_Material supplied_

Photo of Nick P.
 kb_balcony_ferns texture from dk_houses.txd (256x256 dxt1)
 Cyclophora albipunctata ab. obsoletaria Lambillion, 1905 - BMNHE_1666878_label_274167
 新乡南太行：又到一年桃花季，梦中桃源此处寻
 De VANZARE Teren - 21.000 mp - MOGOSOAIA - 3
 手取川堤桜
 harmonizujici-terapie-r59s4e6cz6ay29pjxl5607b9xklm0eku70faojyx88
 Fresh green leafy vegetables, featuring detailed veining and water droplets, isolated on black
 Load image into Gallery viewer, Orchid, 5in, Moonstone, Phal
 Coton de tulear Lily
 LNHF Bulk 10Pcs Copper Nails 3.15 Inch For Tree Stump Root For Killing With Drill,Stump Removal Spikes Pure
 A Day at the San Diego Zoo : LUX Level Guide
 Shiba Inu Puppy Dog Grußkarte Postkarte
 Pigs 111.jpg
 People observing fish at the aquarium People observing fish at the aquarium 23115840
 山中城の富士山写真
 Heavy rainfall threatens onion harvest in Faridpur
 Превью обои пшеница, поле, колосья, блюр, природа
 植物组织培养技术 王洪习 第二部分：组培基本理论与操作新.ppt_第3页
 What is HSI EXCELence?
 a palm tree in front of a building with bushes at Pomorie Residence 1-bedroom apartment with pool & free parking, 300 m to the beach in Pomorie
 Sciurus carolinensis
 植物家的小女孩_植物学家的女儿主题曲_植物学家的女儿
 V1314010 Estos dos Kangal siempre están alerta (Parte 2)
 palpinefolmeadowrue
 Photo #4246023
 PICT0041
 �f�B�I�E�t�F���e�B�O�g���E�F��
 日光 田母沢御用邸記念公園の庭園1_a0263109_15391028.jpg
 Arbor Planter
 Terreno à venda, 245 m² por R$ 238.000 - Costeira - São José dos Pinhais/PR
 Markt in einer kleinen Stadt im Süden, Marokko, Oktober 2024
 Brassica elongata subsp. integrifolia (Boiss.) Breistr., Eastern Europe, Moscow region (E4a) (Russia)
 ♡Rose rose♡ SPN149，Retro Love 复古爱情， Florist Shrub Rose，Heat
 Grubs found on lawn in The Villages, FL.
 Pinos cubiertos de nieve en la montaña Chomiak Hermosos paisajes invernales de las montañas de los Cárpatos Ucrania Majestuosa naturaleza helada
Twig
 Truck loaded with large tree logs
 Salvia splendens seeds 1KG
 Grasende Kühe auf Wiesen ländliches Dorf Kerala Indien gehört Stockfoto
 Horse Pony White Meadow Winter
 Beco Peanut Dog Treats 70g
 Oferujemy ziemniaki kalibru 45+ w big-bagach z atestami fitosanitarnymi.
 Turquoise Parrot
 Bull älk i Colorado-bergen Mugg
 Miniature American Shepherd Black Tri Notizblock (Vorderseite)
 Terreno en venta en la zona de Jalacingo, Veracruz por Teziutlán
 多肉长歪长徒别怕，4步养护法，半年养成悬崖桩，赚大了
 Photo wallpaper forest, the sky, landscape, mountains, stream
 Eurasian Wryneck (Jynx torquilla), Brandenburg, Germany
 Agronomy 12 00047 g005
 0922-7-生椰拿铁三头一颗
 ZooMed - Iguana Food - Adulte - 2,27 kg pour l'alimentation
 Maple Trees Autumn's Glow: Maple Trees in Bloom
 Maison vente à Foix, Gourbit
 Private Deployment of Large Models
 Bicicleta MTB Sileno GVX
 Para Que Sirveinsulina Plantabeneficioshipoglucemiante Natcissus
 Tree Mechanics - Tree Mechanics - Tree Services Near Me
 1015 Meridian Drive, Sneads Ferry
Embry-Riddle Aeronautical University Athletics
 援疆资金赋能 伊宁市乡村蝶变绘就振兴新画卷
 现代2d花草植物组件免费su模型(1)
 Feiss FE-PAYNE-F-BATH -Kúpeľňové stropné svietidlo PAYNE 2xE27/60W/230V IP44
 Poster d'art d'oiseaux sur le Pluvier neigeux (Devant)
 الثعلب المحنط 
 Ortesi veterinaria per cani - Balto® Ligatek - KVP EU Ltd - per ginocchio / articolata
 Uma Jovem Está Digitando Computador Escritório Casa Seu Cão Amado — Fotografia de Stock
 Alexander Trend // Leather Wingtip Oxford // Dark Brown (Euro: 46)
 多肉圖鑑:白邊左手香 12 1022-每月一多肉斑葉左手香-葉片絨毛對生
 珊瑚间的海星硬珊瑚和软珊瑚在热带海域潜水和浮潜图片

_Exercise_
Keep the wording exact. Give all of the records again.

_Final answer_
Photo of Nick P.
 kb_balcony_ferns texture from dk_houses.txd (256x256 dxt1)
 Cyclophora albipunctata ab. obsoletaria Lambillion, 1905 - BMNHE_1666878_label_274167
 新乡南太行：又到一年桃花季，梦中桃源此处寻
 De VANZARE Teren - 21.000 mp - MOGOSOAIA - 3
 手取川堤桜
 harmonizujici-terapie-r59s4e6cz6ay29pjxl5607b9xklm0eku70faojyx88
 Fresh green leafy vegetables, featuring detailed veining and water droplets, isolated on black
 Load image into Gallery viewer, Orchid, 5in, Moonstone, Phal
 Coton de tulear Lily
 LNHF Bulk 10Pcs Copper Nails 3.15 Inch For Tree Stump Root For Killing With Drill,Stump Removal Spikes Pure
 A Day at the San Diego Zoo : LUX Level Guide
 Shiba Inu Puppy Dog Grußkarte Postkarte
 Pigs 111.jpg
 People observing fish at the aquarium People observing fish at the aquarium 23115840
 山中城の富士山写真
 Heavy rainfall threatens onion harvest in Faridpur
 Превью обои пшеница, поле, колосья, блюр, природа
 植物组织培养技术 王洪习 第二部分：组培基本理论与操作新.ppt_第3页
 What is HSI EXCELence?
 a palm tree in front of a building with bushes at Pomorie Residence 1-bedroom apartment with pool & free parking, 300 m to the beach in Pomorie
 Sciurus carolinensis
 植物家的小女孩_植物学家的女儿主题曲_植物学家的女儿
 V1314010 Estos dos Kangal siempre están alerta (Parte 2)
 palpinefolmeadowrue
 Photo #4246023
 PICT0041
 �f�B�I�E�t�F���e�B�O�g���E�F��
 日光 田母沢御用邸記念公園の庭園1_a0263109_15391028.jpg
 Arbor Planter
 Terreno à venda, 245 m² por R$ 238.000 - Costeira - São José dos Pinhais/PR
 Markt in einer kleinen Stadt im Süden, Marokko, Oktober 2024
 Brassica elongata subsp. integrifolia (Boiss.) Breistr., Eastern Europe, Moscow region (E4a) (Russia)
 ♡Rose rose♡ SPN149，Retro Love 复古爱情， Florist Shrub Rose，Heat
 Grubs found on lawn in The Villages, FL.
 Pinos cubiertos de nieve en la montaña Chomiak Hermosos paisajes invernales de las montañas de los Cárpatos Ucrania Majestuosa naturaleza helada
Twig
 Truck loaded with large tree logs
 Salvia splendens seeds 1KG
 Grasende Kühe auf Wiesen ländliches Dorf Kerala Indien gehört Stockfoto
 Horse Pony White Meadow Winter
 Beco Peanut Dog Treats 70g
 Oferujemy ziemniaki kalibru 45+ w big-bagach z atestami fitosanitarnymi.
 Turquoise Parrot
 Bull älk i Colorado-bergen Mugg
 Miniature American Shepherd Black Tri Notizblock (Vorderseite)
 Terreno en venta en la zona de Jalacingo, Veracruz por Teziutlán
 多肉长歪长徒别怕，4步养护法，半年养成悬崖桩，赚大了
 Photo wallpaper forest, the sky, landscape, mountains, stream
 Eurasian Wryneck (Jynx torquilla), Brandenburg, Germany
 Agronomy 12 00047 g005
 0922-7-生椰拿铁三头一颗
 ZooMed - Iguana Food - Adulte - 2,27 kg pour l'alimentation
 Maple Trees Autumn's Glow: Maple Trees in Bloom
 Maison vente à Foix, Gourbit
 Private Deployment of Large Models
 Bicicleta MTB Sileno GVX
 Para Que Sirveinsulina Plantabeneficioshipoglucemiante Natcissus
 Tree Mechanics - Tree Mechanics - Tree Services Near Me
 1015 Meridian Drive, Sneads Ferry
Embry-Riddle Aeronautical University Athletics
 援疆资金赋能 伊宁市乡村蝶变绘就振兴新画卷
 现代2d花草植物组件免费su模型(1)
 Feiss FE-PAYNE-F-BATH -Kúpeľňové stropné svietidlo PAYNE 2xE27/60W/230V IP44
 Poster d'art d'oiseaux sur le Pluvier neigeux (Devant)
 الثعلب المحنط 
 Ortesi veterinaria per cani - Balto® Ligatek - KVP EU Ltd - per ginocchio / articolata
 Uma Jovem Está Digitando Computador Escritório Casa Seu Cão Amado — Fotografia de Stock
 Alexander Trend // Leather Wingtip Oxford // Dark Brown (Euro: 46)
 多肉圖鑑:白邊左手香 12 1022-每月一多肉斑葉左手香-葉片絨毛對生
 珊瑚间的海星硬珊瑚和软珊瑚在热带海域潜水和浮潜图片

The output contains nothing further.